What are the company’s plans for the next 12 months?

We launched in August ahead of the football season and the first area we expanded in was non-traditional sports that aren’t even really ‘sports’. These type of areas include elections and other events in culture-related fields. What we’re doing now is looking for partnerships to create markets for leagues or bars that wouldn’t be able to do that otherwise. Making those kinds of partnerships and trying to change how people engage with betting. This market will be our start-of-2023 focus and we’re going to see how people engage with that. There isn’t much precedent for things like this; there are no formalized tab services in the US and seeing how people engage with that on a F2P platform - it’s a different form of management.

Then there’s adding functionality into the app, adding that social, almost-DFS experience to the product but not picking player stats, picking points spreads.

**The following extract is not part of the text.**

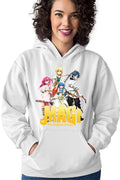 Hanorac dama Magi The Labyrinth of Magic Protagonists Group Poster Pose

I think there are some real-money equivalents to what we’re doing but they’re not too far down the road, so I’m curious to see how they do.

Our long-term changes will be peer -to-peer betting, so it will start as a F2P experience but if that works out and our user base is large enough, we would probably pivot to a real-money dynamic there. There are multiple apps that are trying to do betting exchanges like that in the US but it’s always about liquidity and having enough users to make it work, so we’re going to see how that goes.